-- Opening Marker --

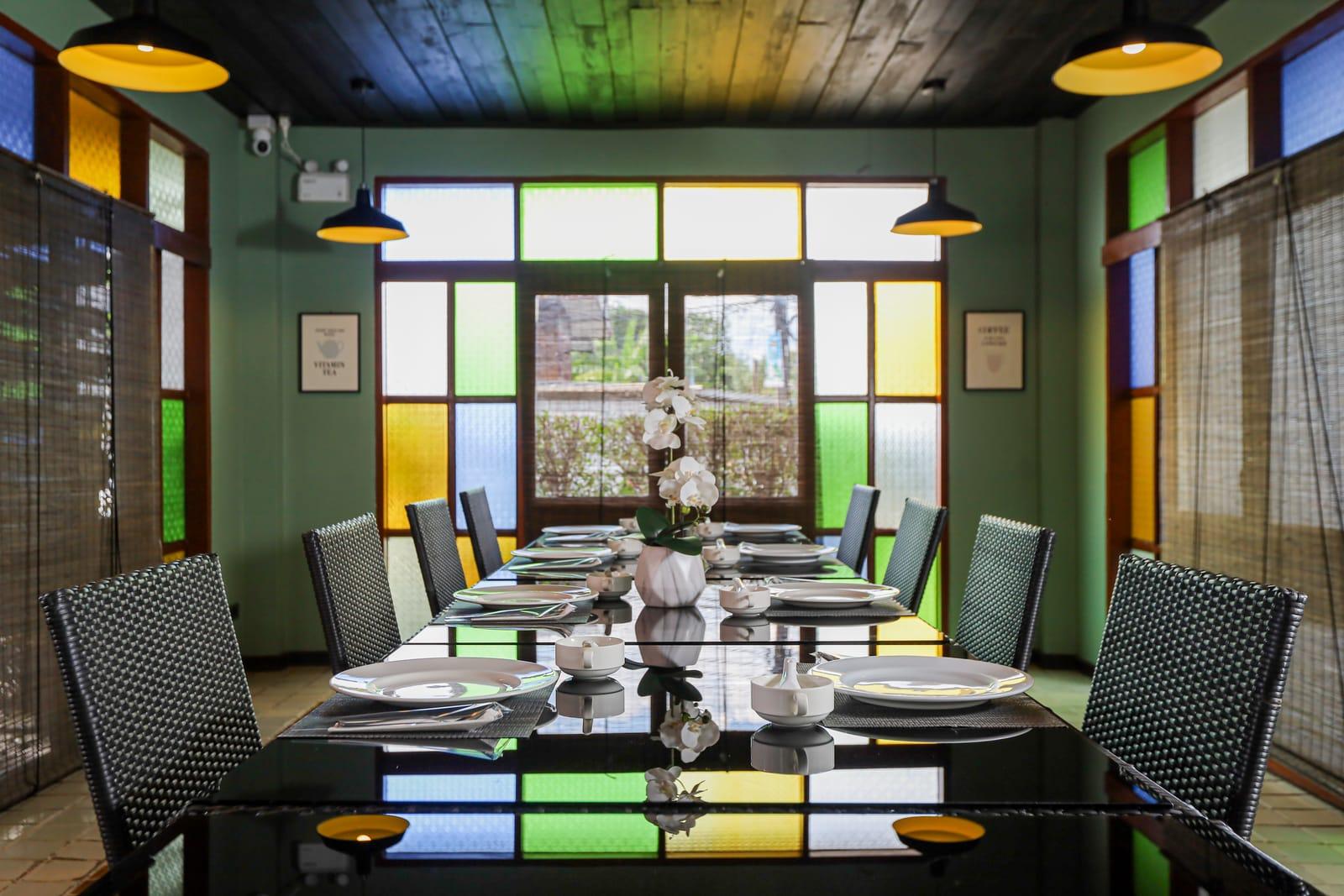 The dining room with stained-glass windows at Jintara Rehab in Chiang Mai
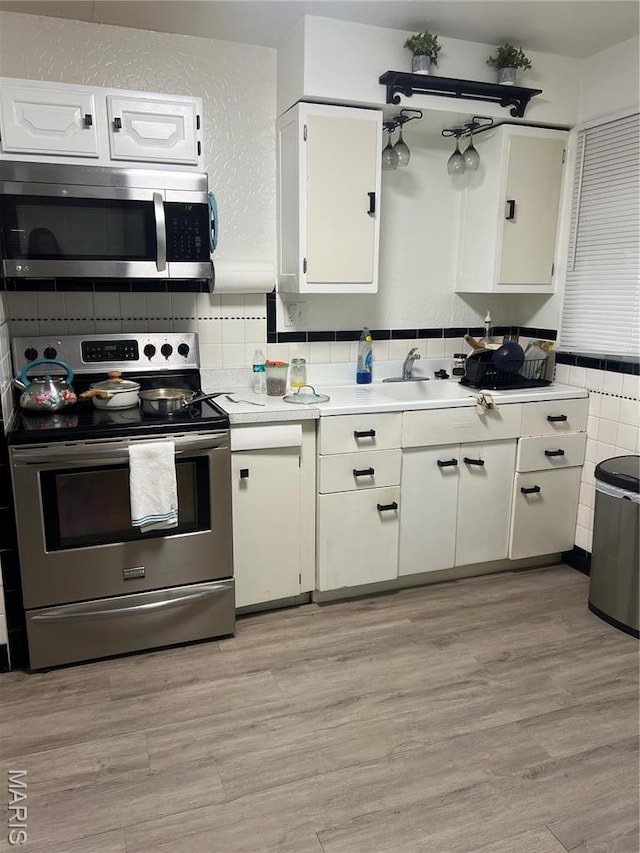 7401 Pleaseway Dr, Saint Louis, MO 63136 - kitchen featuring appliances with stainless steel finishes, a sink, light countertops, and white cabinetry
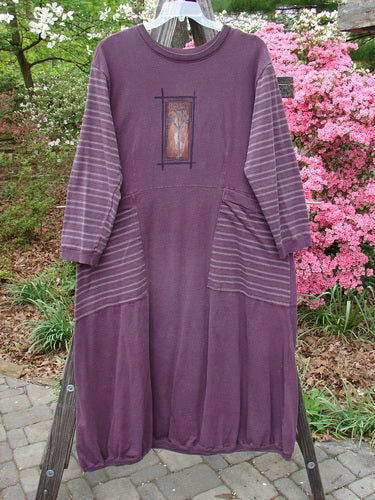 1999 Teacher's Dress Forest Sprig Blackberry Stripe Size 2 on a clothes rack, featuring unique contrast prints, gathered elastic ribbing, exterior wrap-around pockets, and a tiny ribbed painted pocket on the back.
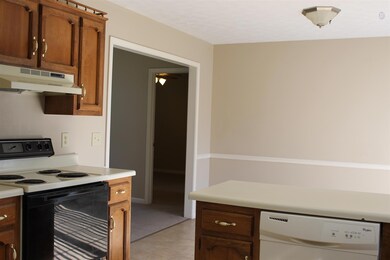 View from Kitchen back towards Dining Area. Kitchen Refrigerator to remain.   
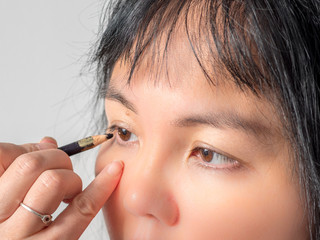 Obraz premium Femme asiatique se maquillant les yeux
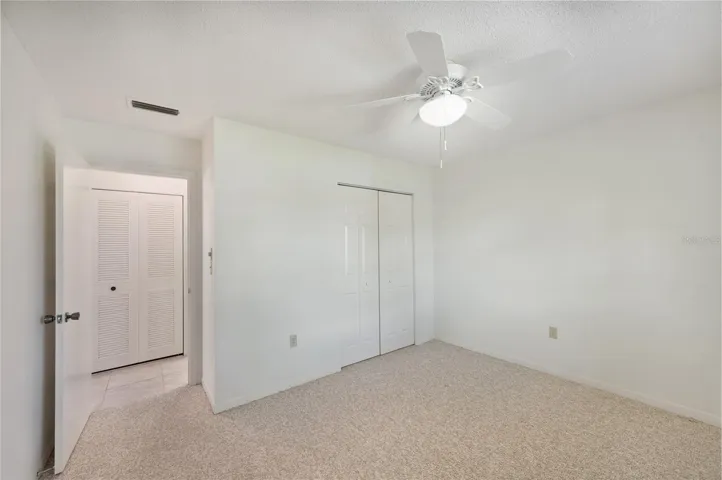 Guest bedroom with carpet and ensuite bathroom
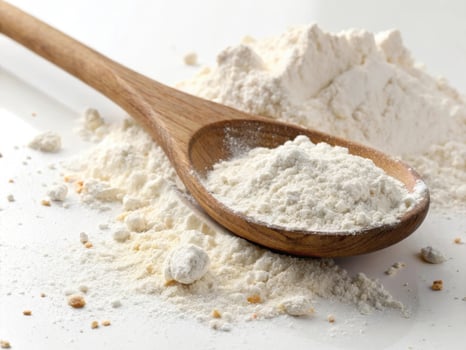 Fresh white flour in wooden spoon, perfect for baking and cooking photo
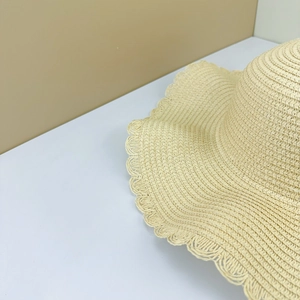 Detail of hand-woven straw sun hat showing intricate texture and scalloped fringe edges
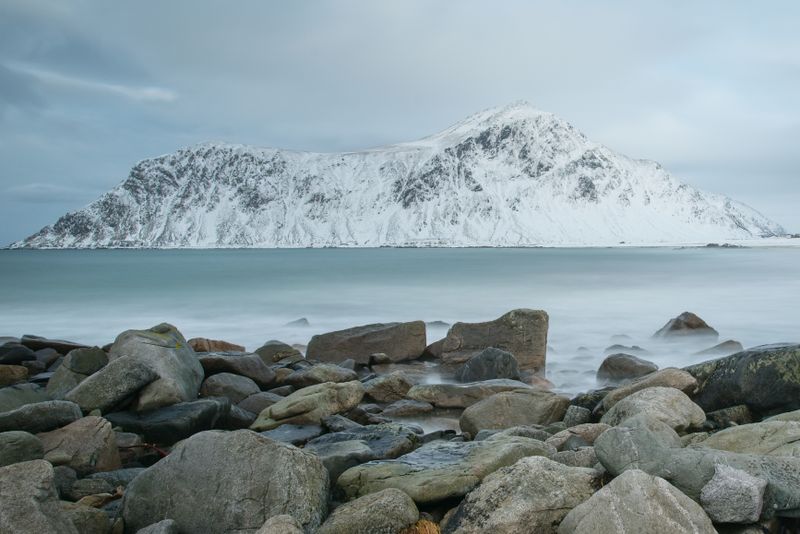 A snowy mountain above a rocky winter shoreline — photo by Miluse Weberova on Pexels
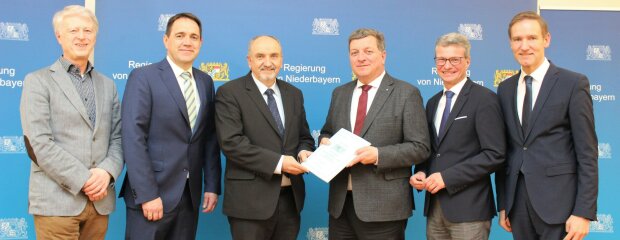 Regierungspräsident Rainer Haselbeck (rechts) hat Staatsminister Christian Bernreiter (3.v.r.) und dem Leiter des Staatlichen Bauamts Passau, Norbert Sterl (3.v.l.), sowie dem Leiter des Bereichs Straßenbau des Staatlichen Bauamts Passau, Kurt Stümpfl (links), im Beisein von Landrat Bernd Sibler (2.v.r.) und dem Bürgermeister der Gemeinde Auerbach, Gerhard Weber, den Planfeststellungsbeschluss für die Ortsumgehung Auerbach überreicht.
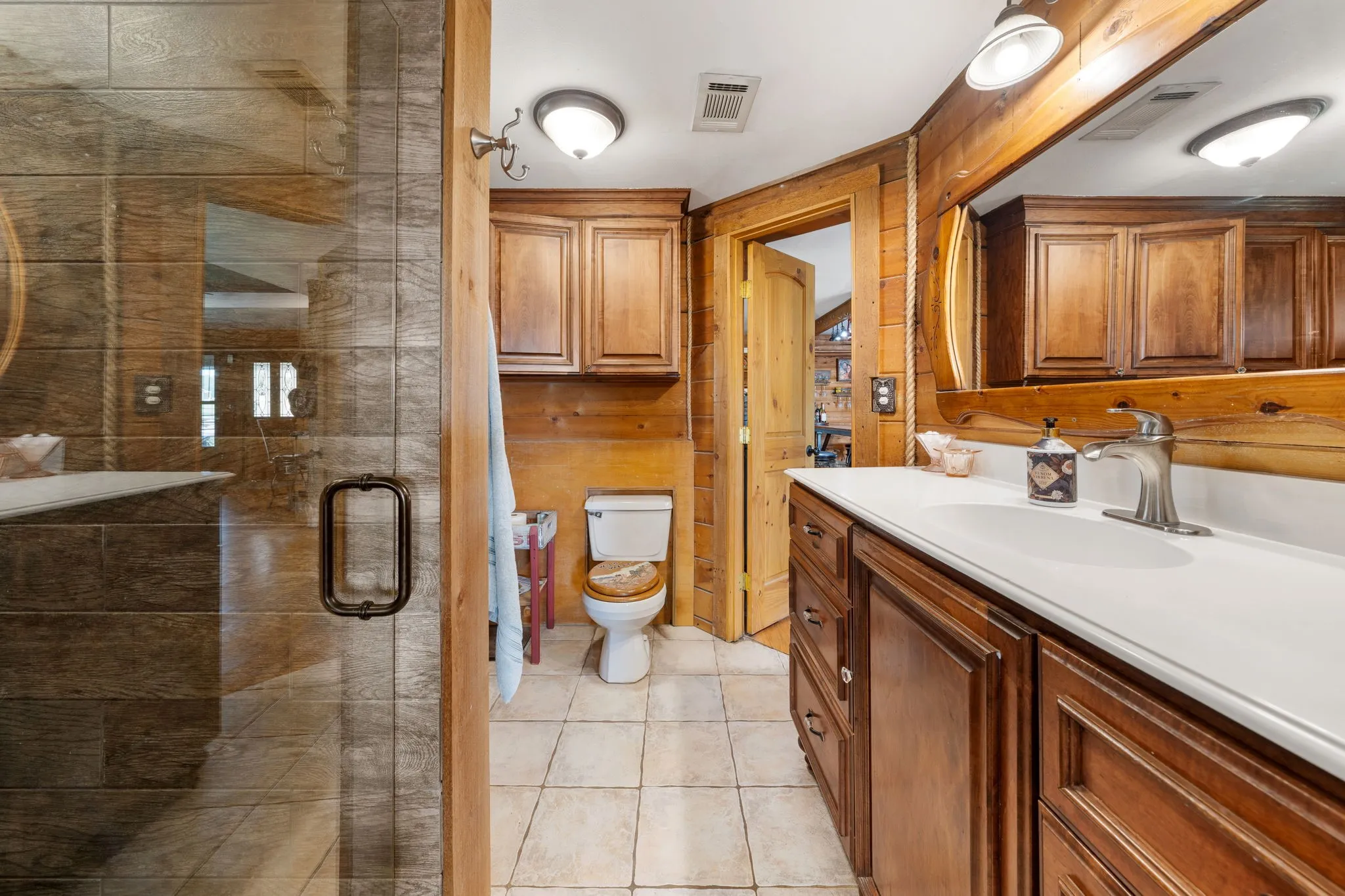 Bathroom featuring a clear glass shower enclosure, wood-paneled walls, a single vanity with a white countertop and dark wood cabinetry, and tiled flooring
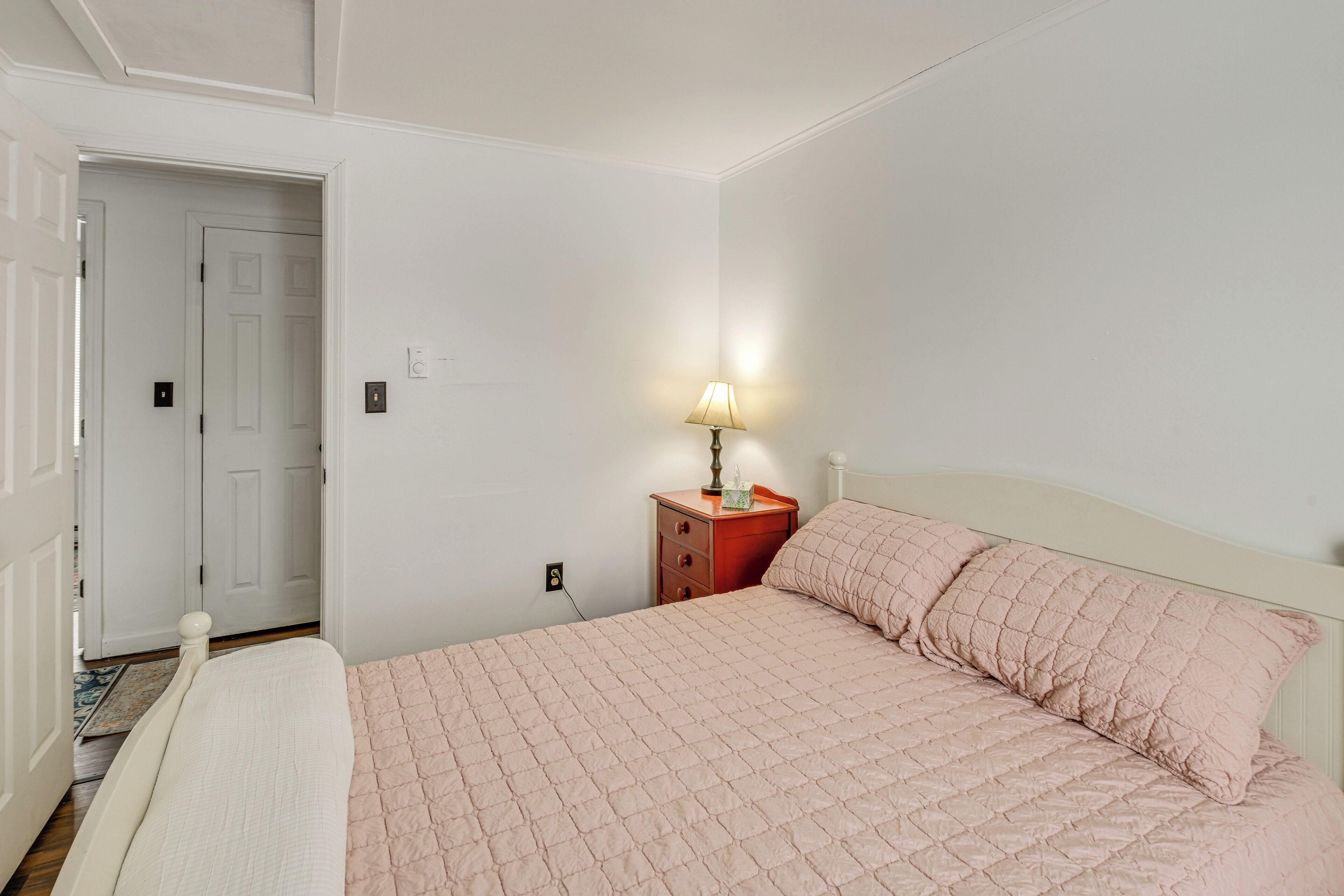 A bedroom with a bed, a nightstand with a lamp, and a door leading to another room.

-- Closing Marker --

**REQUIRED ACTION**
Without the pictures, restate all of the entries word for word.

**ANSWER TO THIS EXERCISE**
 The dining room with stained-glass windows at Jintara Rehab in Chiang Mai
 7401 Pleaseway Dr, Saint Louis, MO 63136 - kitchen featuring appliances with stainless steel finishes, a sink, light countertops, and white cabinetry
 1999 Teacher's Dress Forest Sprig Blackberry Stripe Size 2 on a clothes rack, featuring unique contrast prints, gathered elastic ribbing, exterior wrap-around pockets, and a tiny ribbed painted pocket on the back.
 View from Kitchen back towards Dining Area. Kitchen Refrigerator to remain.   
 Obraz premium Femme asiatique se maquillant les yeux
 Guest bedroom with carpet and ensuite bathroom
 Fresh white flour in wooden spoon, perfect for baking and cooking photo
 Detail of hand-woven straw sun hat showing intricate texture and scalloped fringe edges
 A snowy mountain above a rocky winter shoreline — photo by Miluse Weberova on Pexels
 Regierungspräsident Rainer Haselbeck (rechts) hat Staatsminister Christian Bernreiter (3.v.r.) und dem Leiter des Staatlichen Bauamts Passau, Norbert Sterl (3.v.l.), sowie dem Leiter des Bereichs Straßenbau des Staatlichen Bauamts Passau, Kurt Stümpfl (links), im Beisein von Landrat Bernd Sibler (2.v.r.) und dem Bürgermeister der Gemeinde Auerbach, Gerhard Weber, den Planfeststellungsbeschluss für die Ortsumgehung Auerbach überreicht.
 Bathroom featuring a clear glass shower enclosure, wood-paneled walls, a single vanity with a white countertop and dark wood cabinetry, and tiled flooring
 A bedroom with a bed, a nightstand with a lamp, and a door leading to another room.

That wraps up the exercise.